Open nealmcb opened 7 years ago
I think I have a formula, but it needs another set of eyes. I'm starting with something I derived from Equation 10 in Stark's "Super Simple Simultaneous..." paper, namely, that (looking only at 1- and 2-vote overstatements, ignoring understatements) the stopping size N after looking at K ballotsis:
the minimum N such that N >= A + B x + C y
where x is the number of 2-vote overstatements found in the K ballots, y is the number of one-vote overstatements, and A, B and C are positive constants depending only on gamma, the risk limit and the diluted margin.

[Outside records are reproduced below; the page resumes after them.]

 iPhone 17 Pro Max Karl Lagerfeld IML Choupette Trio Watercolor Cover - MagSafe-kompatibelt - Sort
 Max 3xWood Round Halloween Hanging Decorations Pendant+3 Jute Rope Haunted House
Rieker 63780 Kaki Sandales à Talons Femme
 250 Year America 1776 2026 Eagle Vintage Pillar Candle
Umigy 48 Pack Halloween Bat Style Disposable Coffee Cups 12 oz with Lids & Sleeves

Suppose the above analysis is valid (which needs a second pair of eyes, please!). If we assume further that overstatements appear at the same rate in the rest of the sample, then after looking at M ballots (M>K) we will have a stopping size of:
the minimum N such that N >= A + BMx/K + CMy/K
We expect the audit to finish when we've counted M ballots and M is greater than the stopping size calculated after M ballots. In other words:
M ( 1 - Bx/K - Cy/K ) >= A.
If the quantity in parentheses is strictly positive, we can divide both sides to get M, which is the stopping size (assuming errors continue at the observed rate). If the quantity in parentheses is zero or strictly negative, then we might as well go to a hand count.

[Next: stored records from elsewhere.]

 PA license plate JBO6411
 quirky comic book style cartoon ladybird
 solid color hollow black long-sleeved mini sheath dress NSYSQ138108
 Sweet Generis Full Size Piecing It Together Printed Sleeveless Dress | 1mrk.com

Better formula, including understatements.
From https://www.stat.berkeley.edu/~stark/Java/Html/auditTools.htm
stopping sample size = -2g(log(a) + o1log(1-1/(2g)) + o2log(1 - 1/g) + u1log(1+1/(2g)) + u2log(1+1/g)) / m)

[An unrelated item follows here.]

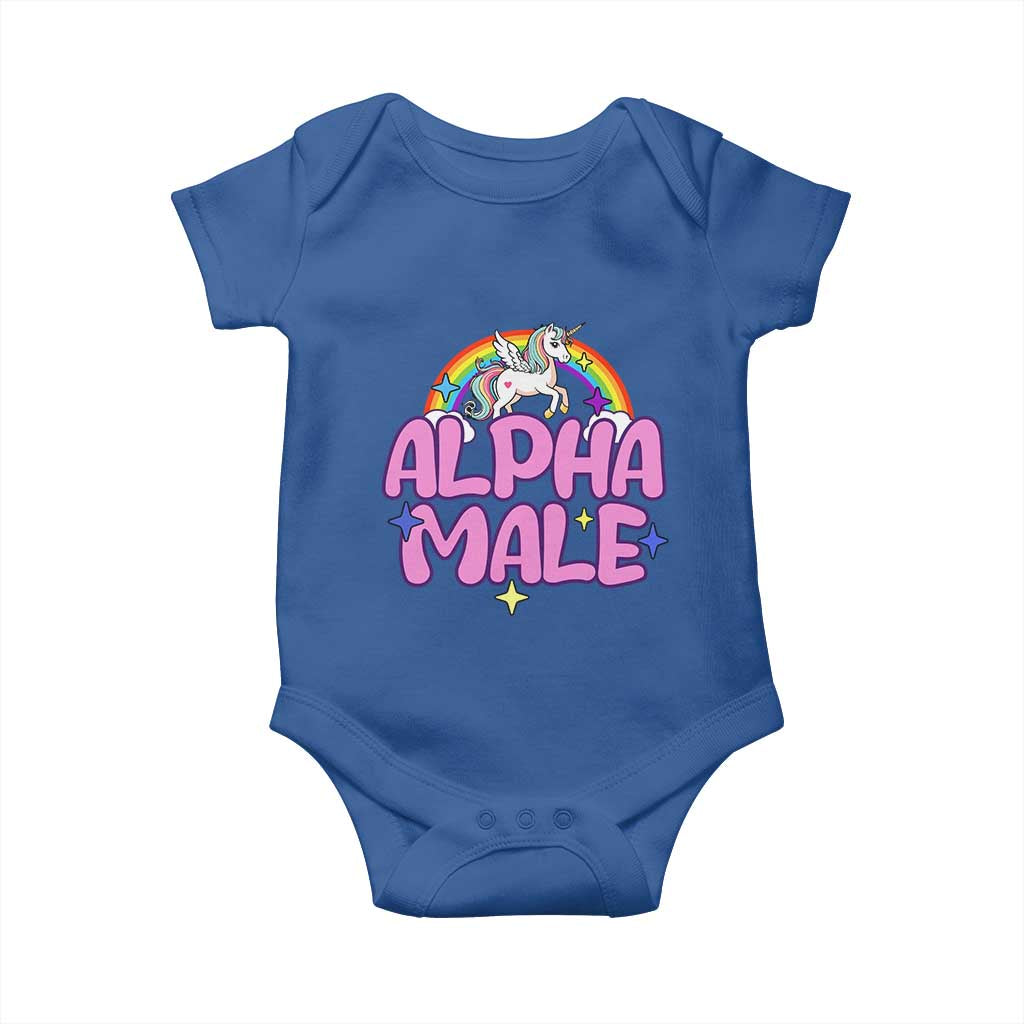 Funny Sarcastic Alpha Male Baby Onesie Unicorn Sarcastic Ironic Weird Y2K Humor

There's an extra close paren in this formula, and I think it's at the end. I think the formula is actually
stopping sample size = -2g(log(a) + o1log(1-1/(2g)) + o2log(1 - 1/g) + u1log(1+1/(2g)) + u2log(1+1/g)) / m) =(-2 g / m) * [ log(a) + o1log(1-1/(2g)) + o2log(1 - 1/g) + u1log(1+1/(2g)) + u2log(1+1/g) ]
m = diluted margin, g = "gamma" = error inflation factor from "Super-Simple Simultaneous…"
log is natural log.
Set: A := (-2g/m ) log(a) B := (-2g/m ) ( log(1-1/(2g)) ) C := (-2g/m ) ( log(1 - 1/g) ) D := (-2g/m ) ( log(1+1/(2g)) ) E := (-2g/m ) * ( log(1+1/g) )
In this language, the stopping size after K ballots is the minimum N such that
N >= A + B o1 + C o2 + D u1 + Eu2
If we assume further that overstatements appear at the same rate in the rest of the sample, then after looking at M ballots (M>K) we will have a stopping size of:
the minimum N such that N > A + (B M o1 )/K + (C M o2)/K + (D M u1)/K + (E M u2)/K
We expect the audit to finish when we've counted M ballots and M is greater than the stopping size calculated after M ballots. In other words:
Edited (there were extra Ms, now removed): M ( 1 - (B o1 )/K - (C o2)/K - (D u1)/K - (E u2)/K) >= A.
If the quantity in parentheses is strictly positive, we can divide both sides to get M, which is the stopping size (assuming errors continue at the observed rate). If the quantity in parentheses is zero or strictly negative, then we might as well go to a hand count.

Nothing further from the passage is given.